The local event involved a reported upgrade of the firewall protecting the Brigham Young Library the ended up knocking the FamilySearch.org website off the network but only in the Library and not anyplace else. This was not one of the regular lapses in service we have seen from FamilySearch, this one lasted a day and half and was caused by the internal security concerns of the Library technical staff, or so it was reported. The effect was that a large class got cancelled and we were prevented from providing support using FamilySearch.org for the duration of the outage. The Library was very quiet for the day and half it took to remedy the situation.
From my own standpoint, I have converted almost all my classes and presentations to previously prepared slide shows either in Apple's Keynote or Microsoft Power Point to avoid the issues that loss of connection to the internet often cause.
The second and more serious outage did not impact our access so much as it could have. The genealogy programs kept operating despite a huge Denial of Service attack on a major internet service provider. As USA Today points out in its article entitled, "Hacked home devices cause massive Internet outage:"
SAN FRANCISCO — Eleven hours after a massive online attack that blocked access to many popular websites, the company under assault has finally restored its service.
Dyn, a New Hampshire-based company that monitors and routes Internet traffic, was the victim of a massive attack that began at 7:10 a.m. ET Friday morning. The issue kept some users on the East Coast from accessing Twitter, Spotify, Netflix, Amazon, Tumblr, Reddit, PayPal and other sites.
At 6:17 p.m. ET Friday, Dyn updated its website to say it had resolved the large-scale distributed denial of service attack (DDoS) and service had been restored.The outage was enabled by the attacker's remote control use of internet connected devices such as alarm systems and security cameras to flood the websites with millions and millions of signals that effectively disrupt the ability of the website to operate. As individual users of the internet, there is nothing you or I can do to prevent this type of takeover. Understanding how or why this happened is really a lot like the weather. I may understand why I am stranded in the snow or being flooded out, but that knowledge adds nothing to my ability to overcome the problem. Likewise, the technicians' explanations about how such an internet outage occurs, does nothing to keep the same thing from happening again and again.
How does this impact genealogists? Despite the fact that this particular outage did not affect file storage, it does point out the underlying fragile nature of the internet. For some time now, using online storage has been touted as a solution to our backup and file storage issues. As I have in the past stated many times, we always need to be careful to back up our genealogical data to a variety of devices and services.

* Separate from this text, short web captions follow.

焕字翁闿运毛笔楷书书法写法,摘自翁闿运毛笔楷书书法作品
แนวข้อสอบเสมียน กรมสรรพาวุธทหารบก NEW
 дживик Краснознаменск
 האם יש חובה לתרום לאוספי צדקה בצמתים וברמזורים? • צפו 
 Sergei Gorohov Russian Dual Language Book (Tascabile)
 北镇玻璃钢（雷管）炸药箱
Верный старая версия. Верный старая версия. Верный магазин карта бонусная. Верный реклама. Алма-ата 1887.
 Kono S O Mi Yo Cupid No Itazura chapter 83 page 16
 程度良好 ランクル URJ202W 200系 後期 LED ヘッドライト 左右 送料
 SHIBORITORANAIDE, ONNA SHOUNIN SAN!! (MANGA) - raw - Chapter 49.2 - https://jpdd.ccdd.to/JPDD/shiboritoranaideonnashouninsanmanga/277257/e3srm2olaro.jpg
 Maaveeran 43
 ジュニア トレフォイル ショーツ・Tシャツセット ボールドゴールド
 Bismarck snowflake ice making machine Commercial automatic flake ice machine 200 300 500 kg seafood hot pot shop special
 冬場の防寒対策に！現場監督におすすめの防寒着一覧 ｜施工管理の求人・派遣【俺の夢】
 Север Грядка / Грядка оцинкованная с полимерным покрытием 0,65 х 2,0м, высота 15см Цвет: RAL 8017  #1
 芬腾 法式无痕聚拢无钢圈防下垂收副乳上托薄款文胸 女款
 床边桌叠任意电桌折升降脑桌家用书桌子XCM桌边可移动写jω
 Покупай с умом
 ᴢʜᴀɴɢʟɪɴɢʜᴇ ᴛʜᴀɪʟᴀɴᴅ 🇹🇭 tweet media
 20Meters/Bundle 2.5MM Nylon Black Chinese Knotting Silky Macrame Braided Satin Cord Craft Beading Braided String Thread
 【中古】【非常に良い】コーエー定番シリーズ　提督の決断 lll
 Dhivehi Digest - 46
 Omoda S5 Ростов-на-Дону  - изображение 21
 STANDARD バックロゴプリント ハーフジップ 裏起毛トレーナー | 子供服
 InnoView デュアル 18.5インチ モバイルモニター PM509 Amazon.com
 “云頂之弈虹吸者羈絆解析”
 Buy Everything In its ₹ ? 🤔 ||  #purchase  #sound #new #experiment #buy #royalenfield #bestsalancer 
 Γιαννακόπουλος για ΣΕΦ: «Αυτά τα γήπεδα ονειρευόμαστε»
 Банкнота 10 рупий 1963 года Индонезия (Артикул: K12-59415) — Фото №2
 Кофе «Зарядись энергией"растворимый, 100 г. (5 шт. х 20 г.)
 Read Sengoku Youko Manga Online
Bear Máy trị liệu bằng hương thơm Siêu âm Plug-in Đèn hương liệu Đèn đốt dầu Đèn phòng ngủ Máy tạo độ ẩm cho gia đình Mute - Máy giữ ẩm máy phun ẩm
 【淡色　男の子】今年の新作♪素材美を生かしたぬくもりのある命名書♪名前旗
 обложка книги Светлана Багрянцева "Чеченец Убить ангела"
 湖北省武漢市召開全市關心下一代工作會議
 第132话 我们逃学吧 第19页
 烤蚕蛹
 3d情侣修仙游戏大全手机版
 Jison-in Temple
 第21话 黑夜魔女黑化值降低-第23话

It is still ultimately important to back up you work to external devices such as multiple hard drives or flash memory drives as well as the judicious use of online storage.
By the way, I was out camping in southern Utah during the general outage and was off the network and without mobile phone service at all and didn't learn about the whole problem until we returned to mobile phone coverage. Likewise, unless you happened to be using one of the websites that was knocked off the internet, you probably missed the whole thing. This reminds me of living in the low deserts of Arizona where it could be raining on one side of the street and not the other.